@ulu/pandoc-adapter
A Node.js package that provides utilities for converting documents using Pandoc, with a focus on processing multiple files and managing extracted assets with transformFiles.
Important: This package acts as a wrapper around the Pandoc command-line tool. Therefore, you must have the Pandoc binary installed and accessible in your system's PATH for this package to function correctly. This package itself does not install Pandoc.
Installation
npm install @ulu/pandoc-adapter
Primary Functions
pandoc(config)
Executes the Pandoc binary for document conversion.
import { pandoc } from '@ulu/pandoc-adapter';
import fs from 'fs';
import path from 'path';
async function convertDocxToHtml(inputFilePath, outputPath) {
try {
const inputFileContent = fs.readFileSync(inputFilePath);
const html = await pandoc({
input: inputFileContent,
args: ['--from=docx', '--to=html', '-o', outputPath]
});
console.log('Successfully converted to HTML:', outputPath);
} catch (error) {
console.error('Pandoc conversion failed:', error);
}
}
const inputFilePath = 'path/to/your/input.docx';
const outputFilePath = 'output.html';
config
Object Properties:
input
(string, optional): The input content to be processed by Pandoc. This can be a string which will be piped to Pandoc's stdin. If arguments to Pandoc specify an input file or URL, this can be an empty string.
args
(string[], optional): An array of command-line arguments to pass to the Pandoc binary (e.g., ['-f', 'markdown', '-t', 'html', 'input.md', '-o', 'output.html']
).
options
(object, optional): Additional options.
allowError
(boolean, optional): If true
, resolves with stdout even on Pandoc error. Defaults to false
.
allowStdoutError
(boolean, optional): If true
, resolves with stdout even if Pandoc writes to stderr. Defaults to false
.
execFile
(object, optional): Options passed directly to the child_process.execFile
function.
maxBuffer
(number, optional): The maximum amount of data (in bytes) allowed on stdout or stderr. Defaults to 5242880
(5MB).
Returns: A Promise
that resolves with the stdout from the Pandoc binary.
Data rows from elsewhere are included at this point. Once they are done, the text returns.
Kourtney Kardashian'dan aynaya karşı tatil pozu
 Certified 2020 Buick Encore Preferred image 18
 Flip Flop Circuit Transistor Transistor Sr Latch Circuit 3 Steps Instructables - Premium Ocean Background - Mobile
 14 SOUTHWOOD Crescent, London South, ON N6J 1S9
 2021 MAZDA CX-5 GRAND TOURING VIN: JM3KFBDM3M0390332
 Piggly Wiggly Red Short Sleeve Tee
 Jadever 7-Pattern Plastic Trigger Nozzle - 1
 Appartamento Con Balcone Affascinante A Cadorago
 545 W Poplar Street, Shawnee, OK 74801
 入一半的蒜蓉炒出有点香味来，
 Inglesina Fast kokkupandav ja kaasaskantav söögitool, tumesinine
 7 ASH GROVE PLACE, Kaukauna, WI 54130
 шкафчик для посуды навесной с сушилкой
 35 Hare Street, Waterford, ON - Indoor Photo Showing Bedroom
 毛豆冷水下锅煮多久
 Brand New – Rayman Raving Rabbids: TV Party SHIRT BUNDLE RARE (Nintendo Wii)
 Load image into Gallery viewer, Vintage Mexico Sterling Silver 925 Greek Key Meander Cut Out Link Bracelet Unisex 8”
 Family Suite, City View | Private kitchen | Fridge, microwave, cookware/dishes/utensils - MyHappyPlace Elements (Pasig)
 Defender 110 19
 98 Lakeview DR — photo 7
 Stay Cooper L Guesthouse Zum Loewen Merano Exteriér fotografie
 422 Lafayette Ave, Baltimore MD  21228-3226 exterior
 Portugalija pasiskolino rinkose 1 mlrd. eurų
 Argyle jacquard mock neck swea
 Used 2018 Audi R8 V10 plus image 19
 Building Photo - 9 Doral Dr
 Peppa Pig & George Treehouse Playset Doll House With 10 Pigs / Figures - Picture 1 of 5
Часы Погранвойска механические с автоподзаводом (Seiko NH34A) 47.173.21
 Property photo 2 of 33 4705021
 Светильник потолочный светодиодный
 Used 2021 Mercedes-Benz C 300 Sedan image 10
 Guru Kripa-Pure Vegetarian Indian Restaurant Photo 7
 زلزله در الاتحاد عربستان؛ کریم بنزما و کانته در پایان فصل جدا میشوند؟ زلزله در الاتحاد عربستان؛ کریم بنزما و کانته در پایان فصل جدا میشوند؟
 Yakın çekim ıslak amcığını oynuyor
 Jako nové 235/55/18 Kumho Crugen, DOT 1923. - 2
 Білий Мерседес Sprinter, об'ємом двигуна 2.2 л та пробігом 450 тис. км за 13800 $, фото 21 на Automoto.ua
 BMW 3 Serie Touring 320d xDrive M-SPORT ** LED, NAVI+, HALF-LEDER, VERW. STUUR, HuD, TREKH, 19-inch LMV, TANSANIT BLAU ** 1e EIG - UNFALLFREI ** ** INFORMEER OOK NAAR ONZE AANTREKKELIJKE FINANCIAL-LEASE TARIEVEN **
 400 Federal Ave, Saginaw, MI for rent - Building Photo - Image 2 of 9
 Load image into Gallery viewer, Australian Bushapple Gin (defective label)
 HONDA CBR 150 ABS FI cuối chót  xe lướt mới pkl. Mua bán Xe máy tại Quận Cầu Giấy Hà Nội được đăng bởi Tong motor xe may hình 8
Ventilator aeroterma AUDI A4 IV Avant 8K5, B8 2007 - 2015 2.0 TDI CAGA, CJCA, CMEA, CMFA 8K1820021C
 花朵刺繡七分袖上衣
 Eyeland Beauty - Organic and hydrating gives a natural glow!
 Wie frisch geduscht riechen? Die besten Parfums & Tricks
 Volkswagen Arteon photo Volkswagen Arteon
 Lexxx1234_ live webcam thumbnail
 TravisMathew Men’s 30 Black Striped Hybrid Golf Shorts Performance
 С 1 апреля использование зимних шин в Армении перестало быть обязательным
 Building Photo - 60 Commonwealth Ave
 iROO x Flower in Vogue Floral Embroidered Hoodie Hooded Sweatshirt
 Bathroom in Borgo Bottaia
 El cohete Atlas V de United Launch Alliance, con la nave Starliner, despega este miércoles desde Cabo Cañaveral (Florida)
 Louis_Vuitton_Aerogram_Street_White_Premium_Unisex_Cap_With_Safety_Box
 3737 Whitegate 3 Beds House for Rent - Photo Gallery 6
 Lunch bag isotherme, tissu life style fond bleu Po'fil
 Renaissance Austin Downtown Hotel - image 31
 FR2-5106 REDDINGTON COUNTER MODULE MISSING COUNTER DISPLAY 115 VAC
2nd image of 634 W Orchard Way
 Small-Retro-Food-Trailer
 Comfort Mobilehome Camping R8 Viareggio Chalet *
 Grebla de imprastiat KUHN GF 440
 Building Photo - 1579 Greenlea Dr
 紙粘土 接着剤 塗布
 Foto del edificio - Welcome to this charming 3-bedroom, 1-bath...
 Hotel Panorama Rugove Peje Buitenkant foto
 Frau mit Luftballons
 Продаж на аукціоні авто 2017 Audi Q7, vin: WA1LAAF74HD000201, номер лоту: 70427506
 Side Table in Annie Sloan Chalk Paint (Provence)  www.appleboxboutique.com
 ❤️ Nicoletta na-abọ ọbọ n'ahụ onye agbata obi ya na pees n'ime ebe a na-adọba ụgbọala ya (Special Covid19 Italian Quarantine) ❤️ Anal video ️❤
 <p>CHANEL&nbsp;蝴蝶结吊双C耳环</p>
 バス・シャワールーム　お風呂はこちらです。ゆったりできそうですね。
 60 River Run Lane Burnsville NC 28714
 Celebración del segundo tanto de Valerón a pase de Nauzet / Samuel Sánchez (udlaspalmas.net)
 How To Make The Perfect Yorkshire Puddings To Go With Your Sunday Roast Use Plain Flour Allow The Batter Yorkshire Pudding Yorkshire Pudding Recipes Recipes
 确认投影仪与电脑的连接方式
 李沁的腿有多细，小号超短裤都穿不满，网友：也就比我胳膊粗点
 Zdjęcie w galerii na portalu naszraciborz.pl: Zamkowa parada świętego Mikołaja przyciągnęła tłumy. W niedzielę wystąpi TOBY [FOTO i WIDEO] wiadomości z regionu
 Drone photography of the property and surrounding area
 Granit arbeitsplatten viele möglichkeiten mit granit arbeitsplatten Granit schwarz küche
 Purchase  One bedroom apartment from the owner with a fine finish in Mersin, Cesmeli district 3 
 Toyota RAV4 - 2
transformFiles(userOptions)
Transforms multiple files based on a glob pattern, converting them to both HTML and Markdown. It handles output directory creation, asset extraction, and optional URL updating.
When updateAssetUrls
is enabled, it will replace the extracted asset path (assetDir
) out of the images/etc and replacing it with assetPublicPath
so that it can be used in a website. This assetPublicPath
would be a root-relative path like "/assets/extracted" so that anywhere an image is used (ie. "/tools.html" vs /some/other/page.html") it would work (not relative to page).
import path from "path";
import { getUrlDirname } from "@ulu/utils/node/path.js";
import { transformFiles } from "@ulu/pandoc-adapter";
const __dirname = getUrlDirname(import.meta.url);
const options = {
pattern: '*.docx',
inputDir: path.resolve(__dirname, "docx/"),
outputDir: path.resolve(__dirname, "dist/markup/"),
assetDir: path.resolve(__dirname, "dist/assets/"),
};
(async () => {
try {
await transformFiles(options);
console.log('Successfully processed files!');
} catch (error) {
console.error('File transformation failed:', error);
}
})();
userOptions
Object (extends transformFilesDefaults
):
inputDir
(string, required): Absolute path to the input directory.
outputDir
(string, required): Absolute path to the output directory.
assetDir
(string, required): Absolute path to the directory for extracted assets.
assetPublicPath
(string, optional): Public URL path for assets (used for updating URLs in output). Defaults to "/assets/extracted"
.
pattern
(string, optional): Glob pattern to select input files. Defaults to "[!~]?*.docx"
.
emptyOutputDir
(boolean, optional): If true
, empties the output directory before processing. Defaults to true
.
emptyAssetDir
(boolean, optional): If true
, empties the asset directory before processing. Defaults to true
.
updateAssetUrls
(boolean, optional): If true
, updates asset paths in the output to assetPublicPath
. Defaults to true
.
adapterOptions
(object, optional): Options passed to the underlying pandoc
function.
allowError
(boolean, optional): Allow errors from pandoc.
allowStdoutError
(boolean, optional): Allow errors from pandoc stdout.
execFile
(object, optional): Options passed directly to the child_process.execFile
function.
maxBuffer
(number, optional): Maximum buffer size.
getFileOutputPath(ctx)
(function, optional): Function to determine the output file path.
getFileOutputDir(ctx)
(function, optional): Function to determine the output directory for a file.
getFileAssetDir(ctx)
(function, optional): Function to determine the asset extraction directory for a file.
getHtmlArgs(ctx)
(function, optional): Function to generate Pandoc arguments for HTML conversion.
getMarkdownArgs(ctx)
(function, optional): Function to generate Pandoc arguments for Markdown conversion.
beforeWrite(markup, ctx)
(function, optional): Function to modify the output (HTML or Markdown) before writing to disk.
Returns: A Promise
that resolves when all files are processed.
transformFilesDefaults
An object containing the default options for the transformFiles
function.
import { transformFilesDefaults } from '@ulu/pandoc-adapter';
console.log(transformFilesDefaults);
Exported Utilities (utils
)
htmlRemoveImageStyles(html)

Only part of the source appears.